On one hand, some economists say stronger import growth means Americans are consuming more goods -- and that's good news for the U.S. economy.
"The deficit showed a massive widening, but the numbers actually imply a very healthy economy," said Joseph LaVorgna, chief U.S. economist for Deutsche Bank.
"This wasn't an oil story," LaVorgna said. "The gain in imports was in every category. Domestic demand is still very firm and producers are rebuilding their inventories."
But others argue a wider deficit is bad news no matter what the cause, because it points to greater imbalances in the world economy.

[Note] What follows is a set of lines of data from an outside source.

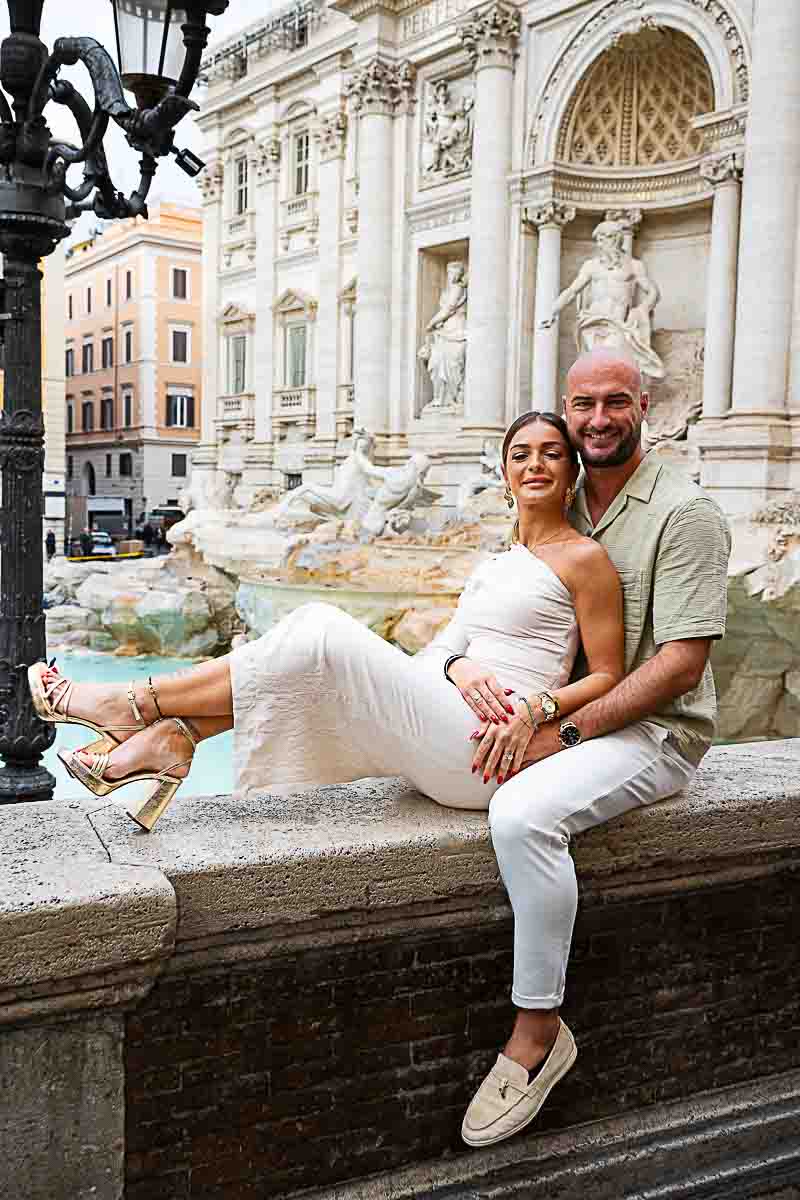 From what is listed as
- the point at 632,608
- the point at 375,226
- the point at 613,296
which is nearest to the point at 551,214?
the point at 613,296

"The trade deficit means Americans are living beyond their means. They're not making the goods they want to consume," said Peter Morici, a University of Maryland professor and former chief economist at the U.S. International Trade Commission.

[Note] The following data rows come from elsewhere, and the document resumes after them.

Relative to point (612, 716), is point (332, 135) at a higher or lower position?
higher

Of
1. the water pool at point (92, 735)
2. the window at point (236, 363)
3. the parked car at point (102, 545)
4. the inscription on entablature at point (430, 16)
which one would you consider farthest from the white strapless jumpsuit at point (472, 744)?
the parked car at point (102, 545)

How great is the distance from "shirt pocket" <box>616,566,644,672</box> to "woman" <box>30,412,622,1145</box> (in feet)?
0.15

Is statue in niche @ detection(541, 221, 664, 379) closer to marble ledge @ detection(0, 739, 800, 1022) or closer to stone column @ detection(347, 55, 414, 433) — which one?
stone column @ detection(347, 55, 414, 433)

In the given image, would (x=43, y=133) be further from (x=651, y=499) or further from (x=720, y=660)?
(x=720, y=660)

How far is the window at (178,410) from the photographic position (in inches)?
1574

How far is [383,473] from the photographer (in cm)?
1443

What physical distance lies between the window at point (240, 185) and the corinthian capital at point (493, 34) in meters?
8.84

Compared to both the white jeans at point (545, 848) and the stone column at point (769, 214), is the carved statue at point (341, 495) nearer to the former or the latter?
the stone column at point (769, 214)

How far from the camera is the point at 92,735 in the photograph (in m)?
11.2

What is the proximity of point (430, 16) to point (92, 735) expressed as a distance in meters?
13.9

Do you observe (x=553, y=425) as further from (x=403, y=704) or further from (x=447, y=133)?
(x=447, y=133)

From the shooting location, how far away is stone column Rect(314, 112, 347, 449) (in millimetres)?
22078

Morici points specifically to the trade gap between China and the United States, which is the world's largest. In January alone, China exported $23.7 billion more in goods and services to the United States than it imported from Uncle Sam.

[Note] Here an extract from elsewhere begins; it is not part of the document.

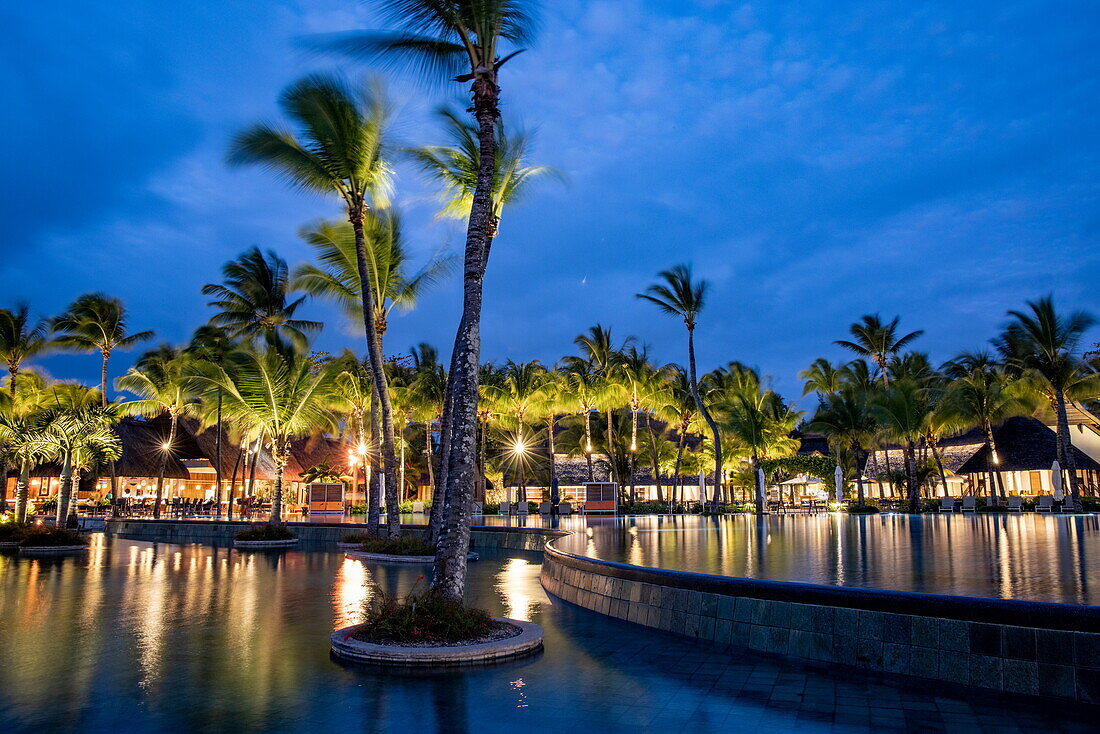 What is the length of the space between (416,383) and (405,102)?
75.8 feet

That gap has recently become a point of contention for American policymakers ranging from Treasury Secretary Tim Geithner to Sen. Chuck Schumer, who argue China is giving its manufacturers an unfair advantage by keeping its currency, the yuan, artificially low.
An undervalued yuan floods the international market with cheap, subsidized Chinese goods, said Morici -- who argues that this unfair playing field cuts three million American jobs a year.
The U.S. data comes on the heels of the latest trade data from China, which reported a surprise $7.3 billion trade deficit in February. But economists suspected this figure may be distorted due to the temporary closing of factories during the Chinese New Year festivities earlier in February. ![]()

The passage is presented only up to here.